The question for determination, therefore, resolves itself into whether the taking over of the property by the mortgagee is such a "change of ownership" as would work a forfeiture under the loss payable clause. There is no forfeiture provision in the policy. The fact is, as suggested by the trial court, that the policy is exceptionally free from conditions. The policy does not provide that the insured must be the owner of the property, it does not provide for forfeiture for any reason, and there is no provision against alienation. The policy is very sweeping in its terms in favor of the validity of the insurance. The question arises under the "loss payable clause" rider only.

In our view of the case, we do not find it necessary to determine when the title passed to the plaintiff insurance company. Although not so deciding, we will consider that the title passed on the 2nd day of December, 1931, by the deed from Van Pelt to Hill, Hill being the agent of the plaintiff company.

It will be noted that the defendant insurance association does not contend that the transfer from Van Pelt to Hill, by the warranty deed, was a transfer of the ownership to Hill, an issue which might have been made between the defendant association and the plaintiff company. The decisive question in the case therefore is: Did the taking over of the property by the plaintiff insurance company, the mortgagee, by voluntary transfer, constitute such a change of ownership as would work a forfeiture under the "loss payable clause" attached to the policy as to change of ownership? The trial court, as indicated in its opinion attached to the brief, found for The Clinton Mutual Insurance Association on the proposition that the plaintiff company would not be entitled to the insurance due and payable to Van Pelt. The court stated: "Van Pelt ceased to have any interest in said real estate on the 2nd day of December, 1931. The contract between plaintiff and the defendant association was to pay plaintiff, as its interest might appear, anything due Van Pelt under the policy. As Van Pelt ceased to have any interest in the property four months before the fire, there is nothing due him, and therefore, nothing due plaintiff."

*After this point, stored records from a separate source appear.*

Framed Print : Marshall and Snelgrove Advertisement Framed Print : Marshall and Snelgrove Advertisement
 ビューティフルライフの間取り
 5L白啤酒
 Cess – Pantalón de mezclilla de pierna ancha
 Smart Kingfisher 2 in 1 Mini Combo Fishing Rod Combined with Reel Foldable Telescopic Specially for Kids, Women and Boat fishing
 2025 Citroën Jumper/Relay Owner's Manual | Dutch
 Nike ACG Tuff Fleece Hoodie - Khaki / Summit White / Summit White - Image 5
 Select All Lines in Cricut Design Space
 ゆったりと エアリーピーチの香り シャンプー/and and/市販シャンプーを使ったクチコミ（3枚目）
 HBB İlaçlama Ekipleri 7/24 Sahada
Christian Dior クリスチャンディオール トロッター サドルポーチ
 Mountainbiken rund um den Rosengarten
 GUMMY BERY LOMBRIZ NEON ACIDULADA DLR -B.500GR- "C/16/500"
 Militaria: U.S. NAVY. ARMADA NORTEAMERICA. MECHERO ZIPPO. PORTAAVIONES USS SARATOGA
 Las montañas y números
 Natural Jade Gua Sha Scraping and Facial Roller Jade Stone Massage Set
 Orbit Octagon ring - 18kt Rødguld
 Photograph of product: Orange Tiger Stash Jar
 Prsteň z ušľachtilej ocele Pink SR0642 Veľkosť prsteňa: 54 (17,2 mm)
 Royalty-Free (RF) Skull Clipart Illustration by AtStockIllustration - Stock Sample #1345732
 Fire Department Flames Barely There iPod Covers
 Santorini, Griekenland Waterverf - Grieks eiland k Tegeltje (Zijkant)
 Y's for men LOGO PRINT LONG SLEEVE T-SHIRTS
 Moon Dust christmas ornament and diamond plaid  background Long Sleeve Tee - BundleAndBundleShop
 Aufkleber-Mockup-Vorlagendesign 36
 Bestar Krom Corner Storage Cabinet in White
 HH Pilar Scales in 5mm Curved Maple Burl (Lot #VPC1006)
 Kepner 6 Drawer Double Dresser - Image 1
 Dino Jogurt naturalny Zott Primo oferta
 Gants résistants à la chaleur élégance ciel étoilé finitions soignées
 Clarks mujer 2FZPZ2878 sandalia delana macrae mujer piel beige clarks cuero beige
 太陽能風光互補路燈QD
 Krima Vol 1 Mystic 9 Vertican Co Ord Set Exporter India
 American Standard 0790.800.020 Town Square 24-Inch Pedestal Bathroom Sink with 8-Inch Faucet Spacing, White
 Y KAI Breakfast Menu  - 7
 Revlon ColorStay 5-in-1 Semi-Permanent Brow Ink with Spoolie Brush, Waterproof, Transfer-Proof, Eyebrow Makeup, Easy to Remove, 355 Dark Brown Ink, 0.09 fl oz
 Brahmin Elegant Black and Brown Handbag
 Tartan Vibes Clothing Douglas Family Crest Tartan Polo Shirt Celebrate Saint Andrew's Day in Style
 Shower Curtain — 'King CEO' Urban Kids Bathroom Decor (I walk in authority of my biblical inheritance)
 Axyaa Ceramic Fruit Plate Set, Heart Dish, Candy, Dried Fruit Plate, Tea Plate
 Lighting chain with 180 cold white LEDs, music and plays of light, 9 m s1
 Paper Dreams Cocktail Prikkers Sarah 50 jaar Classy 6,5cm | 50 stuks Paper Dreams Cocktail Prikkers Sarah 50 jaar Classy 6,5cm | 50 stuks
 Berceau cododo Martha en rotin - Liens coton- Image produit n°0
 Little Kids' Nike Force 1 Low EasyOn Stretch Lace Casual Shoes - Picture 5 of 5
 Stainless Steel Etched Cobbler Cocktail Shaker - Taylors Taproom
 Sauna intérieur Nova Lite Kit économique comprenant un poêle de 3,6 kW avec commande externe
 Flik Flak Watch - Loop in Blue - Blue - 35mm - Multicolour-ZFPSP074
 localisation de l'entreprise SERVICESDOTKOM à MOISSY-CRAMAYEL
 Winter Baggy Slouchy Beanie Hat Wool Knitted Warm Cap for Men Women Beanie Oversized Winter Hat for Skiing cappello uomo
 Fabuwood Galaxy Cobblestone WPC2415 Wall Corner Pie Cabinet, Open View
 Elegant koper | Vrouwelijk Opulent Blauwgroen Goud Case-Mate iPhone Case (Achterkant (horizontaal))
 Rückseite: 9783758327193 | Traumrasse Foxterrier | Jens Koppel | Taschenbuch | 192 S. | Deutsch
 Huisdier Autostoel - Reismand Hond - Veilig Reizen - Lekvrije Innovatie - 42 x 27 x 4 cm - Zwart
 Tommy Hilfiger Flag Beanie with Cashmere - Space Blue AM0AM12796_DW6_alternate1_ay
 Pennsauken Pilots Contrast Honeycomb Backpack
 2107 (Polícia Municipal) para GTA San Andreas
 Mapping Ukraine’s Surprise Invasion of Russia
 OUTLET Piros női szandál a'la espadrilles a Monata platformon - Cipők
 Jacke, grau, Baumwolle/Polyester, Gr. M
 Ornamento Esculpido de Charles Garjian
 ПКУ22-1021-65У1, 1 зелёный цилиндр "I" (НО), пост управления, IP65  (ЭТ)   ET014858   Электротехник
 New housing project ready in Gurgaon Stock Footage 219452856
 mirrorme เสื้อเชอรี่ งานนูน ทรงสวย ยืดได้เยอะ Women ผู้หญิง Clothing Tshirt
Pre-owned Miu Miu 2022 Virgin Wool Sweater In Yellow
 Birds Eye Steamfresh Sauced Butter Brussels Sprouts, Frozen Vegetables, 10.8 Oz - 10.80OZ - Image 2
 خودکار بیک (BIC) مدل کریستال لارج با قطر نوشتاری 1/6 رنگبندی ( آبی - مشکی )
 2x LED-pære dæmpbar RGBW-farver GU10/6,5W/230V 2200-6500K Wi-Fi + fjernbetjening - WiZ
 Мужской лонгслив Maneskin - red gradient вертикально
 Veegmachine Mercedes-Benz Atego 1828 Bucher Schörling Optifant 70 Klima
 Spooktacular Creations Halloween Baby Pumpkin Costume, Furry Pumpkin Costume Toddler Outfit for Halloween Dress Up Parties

Under the earlier rule, based on the "loss payable clause," which simply allocated such part of the money to the mortgagee as his interest might appear, the court was correct. It was held that such clause provided merely for an allocation of the proceeds of the policy, and that it is simply an order by the insured to the company to pay a certain part of the money due him to the mortgagee by reason of his obligation to it. Therefore, anything that would void the policy in the hands of the mortgagor would also void it as to the mortgagee.

There has arisen in later years a loss payable clause known as the standard clause, which stipulates that in case the loss is payable to the mortgagee, his interest in the proceeds shall not be invalidated by the act or neglect of the mortgagor or owner of the insured property. The loss payable clause in question contains the stipulations of the standard clause. The uniform holding throughout the states seems to be to the effect that the standard clause creates a new and distinct contract between the mortgagee and the insurance company.

While the exact question concerning real estate has not been before the courts of Ohio as to change of ownership which would work a forfeiture, we have some cases which show the trend of the courts of this state. In Ohio Farmers Ins. Co. v. Hull, 45 Ohio App. 166, 186 N.E. 823, the court held in substance that the effect of the standard or union mortgage clause was to make a new contract of insurance between the mortgagee and the insurer, and to effect a separate insurance of the mortgagee's interest. To a like effect is the case of Savarese v. Ohio Farmers Ins. Co., 260 N.Y., 45, 182 N.E. 665, 91 A.L.R., 1341. There are many cases throughout the country to the same effect.

These rules effectually take the case under consideration out of the former rule under the "open clause provision," which merely appointed the payment of the proceeds of the policy. We think it well established that under the standard clause, the mortgagee has a contractual interest in the policy, and the case will be considered from that standpoint.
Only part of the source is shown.